- Programming Example: Moving to a DL Framework
- The Problem of Saturated Neurons and Vanishing Gradients
- Initialization and Normalization Techniques to Avoid Saturated Neurons
- Cross-Entropy Loss Function to Mitigate Effect of Saturated Output Neurons
- Different Activation Functions to Avoid Vanishing Gradient in Hidden Layers
- Variations on Gradient Descent to Improve Learning
- Experiment: Tweaking Network and Learning Parameters
- Hyperparameter Tuning and Cross-Validation
- Concluding Remarks on the Path Toward Deep Learning
Initialization and Normalization Techniques to Avoid Saturated Neurons
We now explore how we can prevent or address the problem of saturated neurons. Three techniques that are commonly used—and often combined—are weight initialization, input standardization, and batch normalization.
Weight Initialization
The first step in avoiding saturated neurons is to ensure that our neurons are not saturated to begin with, and this is where weight initialization is important. It is worth noting that, although we use the same type of neurons in our different examples, the actual parameters for the neurons that we have shown are much different. In the XOR example, the neurons in the hidden layer had three inputs including the bias, whereas for the digit classification example, the neurons in the hidden layer had 785 inputs. With that many inputs, it is not hard to imagine that the weighted sum can swing far in either the negative or positive direction if there is just a little imbalance in the number of negative versus positive inputs if the weights are large. From that perspective, it kind of makes sense that if a neuron has a large number of inputs, then we want to initialize the weights to a smaller value to have a reasonable probability of still keeping the input to the activation function close to 0 to avoid saturation. Two popular weight initialization strategies are Glorot initialization (Glorot and Bengio, 2010) and He initialization (He et al., 2015b). Glorot initialization is recommended for tanh- and sigmoid-based neurons, and He initialization is recommended for ReLU-based neurons (described later). Both of these take the number of inputs into account, and Glorot initialization also takes the number of outputs into account. Both Glorot and He initialization exist in two flavors, one that is based on a uniform random distribution and one that is based on a normal random distribution.

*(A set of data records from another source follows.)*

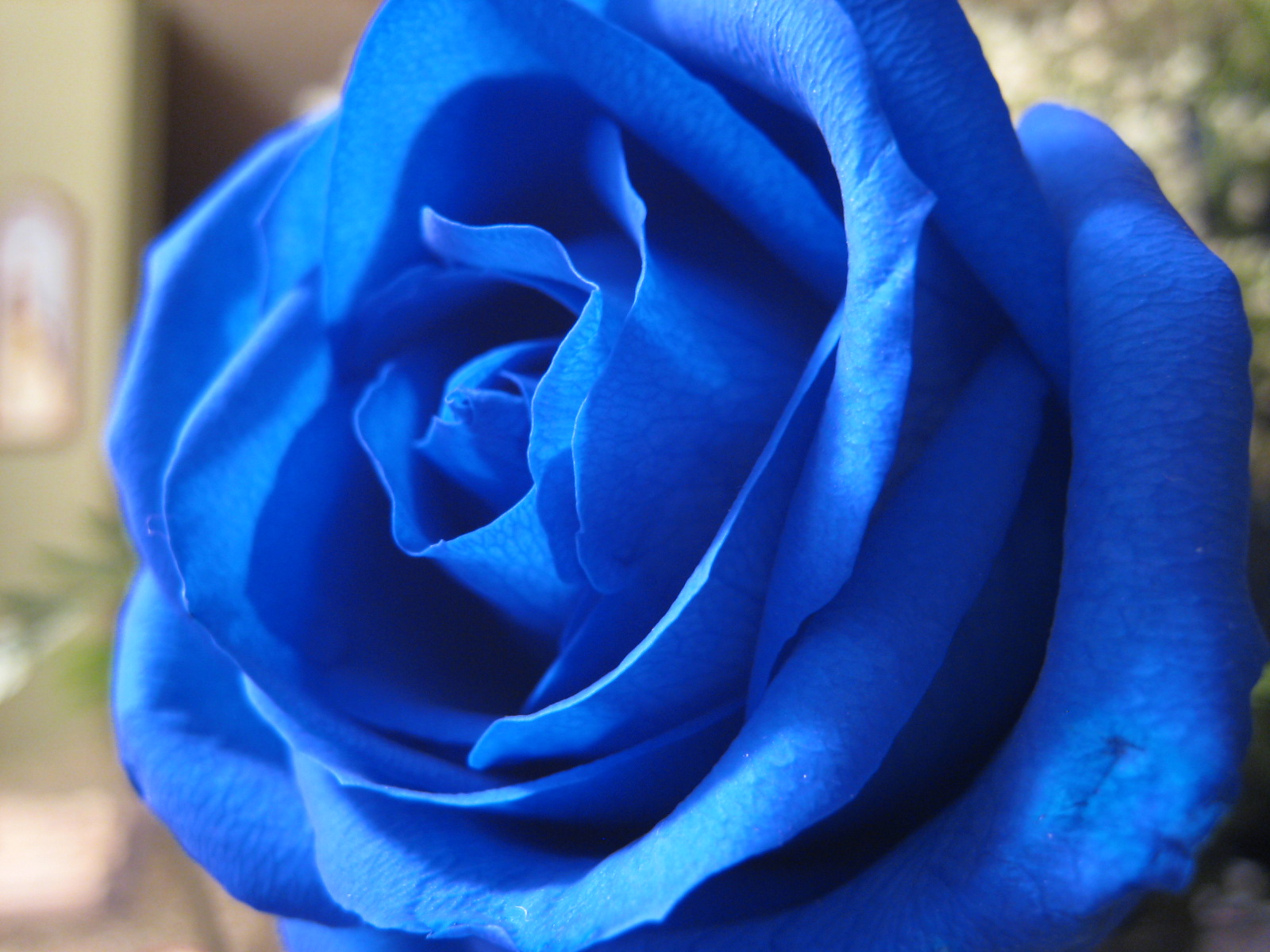 nature_flowers_roses_blue_rose_desktop_1600x1200_hd-wallpaper-585420.jpg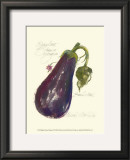 Buy Eggplant Solanum Melongena at AllPosters.com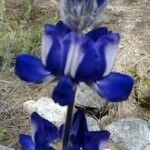 Lupinus pilosus Virág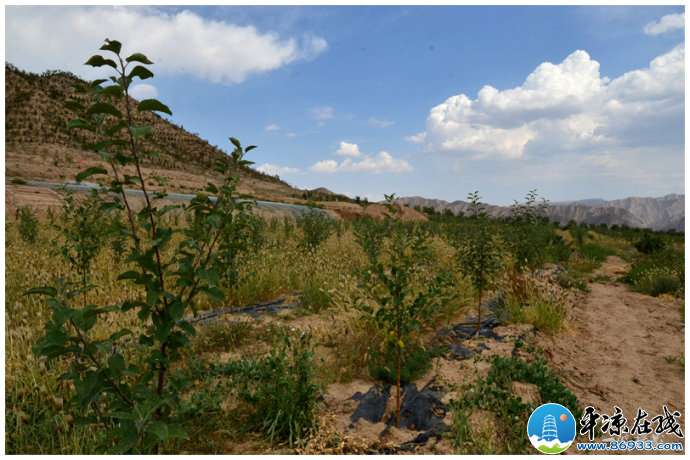 白银兴盛:提子熟了,苹果红了(组图)_特产档案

We have previously seen how we can initialize the weights from a uniform random distribution in TensorFlow by using an initializer, as was done in Code Snippet 5-4. We can choose a different initializer by declaring any one of the supported initializers in Keras. In particular, we can declare a Glorot and a He initializer in the following way:
initializer = keras.initializers.glorot_uniform() initializer = keras.initializers.he_normal()
Parameters to control these initializers can be passed to the initializer constructor. In addition, both the Glorot and He initializers come in the two flavors uniform and normal. We picked uniform for Glorot and normal for He because that is what was described in the publications where they were introduced.
If you do not feel the need to tweak any of the parameters, then there is no need to declare an initializer object at all, but you can just pass the name of the initializer as a string to the function where you create the layer. This is shown in Code Snippet 5-5, where the kernel_initializer argument is set to 'glorot_uniform'.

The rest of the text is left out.